One Saginaw neighborhood is seeing improved and painted houses, repaired porches and trimmed trees this week.

That is what the volunteers of the annual One Week, One Street event have been working on to help the community.

Tamara Klida, the event organizer, said around 150 volunteers each day, Monday through Friday, came to Collingwood Street in the east side of Saginaw to repair 23 homes.

“We’re not just (in the world) for ourselves. We’re here to help others, we’re here to work together,” Klida said. “I feel really blessed to just be able to see all these people come who are willing to give up their days. Some people take work off to come and help others. It’s really inspiring for me.”

Klida said this is the 11th year of One Week, One Street, which always takes place in the last full week of June as volunteers gather from churches and organizations across the region to improve houses on a certain street in the city.

Beth De Vries, founder of Phoenix Community Farm in Midland, came to the event with a group of 10 people from the Midland Reformed Church.

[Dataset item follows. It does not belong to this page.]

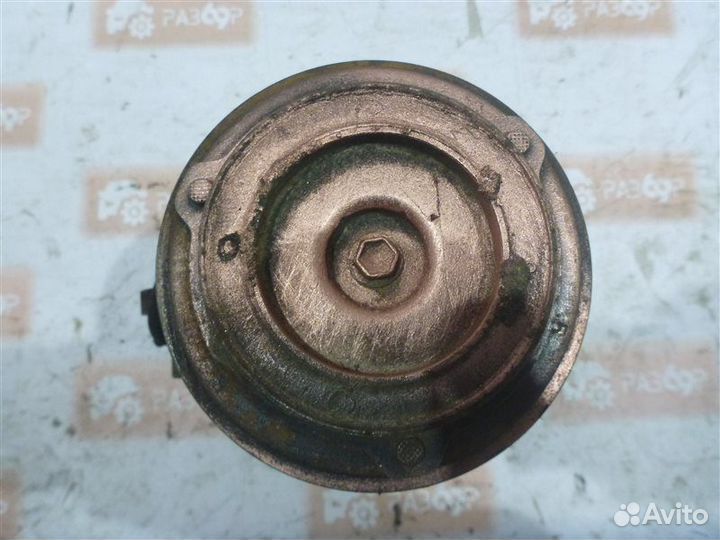 Компрессор кондиционера Mazda Mpv GF FS 2001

She said they have been working on landscaping, cleaning and gardening.

“We are passionate about loving our neighbors,” De Vries said. “I like working as a team. I like the opportunity to be out and to serve.”

Evelyn Baldwin, a pastor in the New Beginnings Deliverance Ministries, remembers how in 2013 the event started from the ideas of her husband, Pastor Roy Baldwin, and Klida.

“When we first started, it started small,” Evelyn Baldwin said. “We had an idea ... and we felt the need to make a positive change in the community. ...Then, on the first day, we didn’t know if people were going to come or not, and then it was like buses and buses of people that just came.”

She said this event has positively impacted the area, helped people enjoy their neighborhood, and brought down the crime rate.

“After we did the work in the community, it was like you could feel the spirit of God in that area, you can feel the spirit of love in the community,” she said.

Danette Bliss has been also coming to the event since its early years with her husband and kids. For her, it was an opportunity to teach her children kindness.

“All four of them are adults now, and each of them have hearts of service,” she said. “(One Week, One Street) changed the way they see people. They love to serve and help others.”

Stephen Thomas, 12, came with Bliss’s church group to volunteer at One Week, One Street. He said he cut tree branches and painted a house.

“We’ve got to give back to the community,” Thomas said when asked why he attended the event.

Kendrea Pratt was repairing a house with her group from Saginaw City Rescue Mission. She said this is her second year joining One Week, One Street.

“I think volunteering is important for either young or old,” Pratt said. “Put your time in helping the community, building the community, making it look good.”

Masha Smahliuk is a newsroom intern for WCMU based at the Midland Daily News.